Melinda Gates Wants Birth Control to Be a Global Priority

Impact

In a TED Talk this month, Melinda Gates explained, “All men and women should be free to decide whether they do or do not want to conceive a child.”

While much of the debate on birth control concerns issues of abortion and immorality, Gates explained that contraceptives is not about promiscuity, but about women’s right to control over her own body and choice over her own life. “It is not code for abortion,” she explained.

The issue is both a global and a national one. On the global scale, Gates described that those who fall victim to this lack of health care are mainly found in sub-Saharan Africa and South Asia.
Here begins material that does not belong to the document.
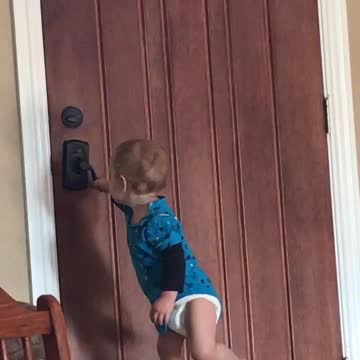 Baby trying to unlock door FUNNY!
Women from these regions want just as much as women in Western nations to control when and how many they give birth to, Gates explained, disproving the idea that there is a cultural norm to produce high numbers of offspring in these regions. “All women want the same thing,” she explained of women from Kenya to Senegal, to France to the U.S., and that is “to bring every good thing to [the] child before having another one,” as a woman in Nairobi whom Gates interviewed articulated.

Indeed, prospective mothers would like the best for their children: healthy lives, access to opportunities, and stability in the family, which all give the children the best possible future. Women are also able to live healthier and more stable lives themselves when they have the power to choose when they give birth – when they are financially, psychologically, and physically ready.

Despite these practical reasons for why women should have access to birth control, there are still those who argue that contraceptives are a sin and that it can lead to promiscuity. Gates explained that her decision with birth control had nothing to do with promiscuity. “I had a plan for my future. I wanted to go to college, I studied really hard in college, and I was proud to be one of the very few female computer science graduates at my university. I wanted to have a career so I went on to business schools and I became one of the youngest female executives at Microsoft.”

Indeed, according to a study, American women’s access to the pill is correlated to higher incomes and better careers. The logic is simple: a woman has the ability to be more ambitious and to focus entirely on her studies and career if she has the ability to control when she starts her own family, eliminating surprise, unwanted pregnancies that interfere with her professional goals.

Gates addresses the urgency in making contraceptives available to all women: “Will we invest in helping all women get what they want now? Or are we going to condemn them to some century-long struggle, as if this were still revolutionary France and the best method was coitus interruptus?”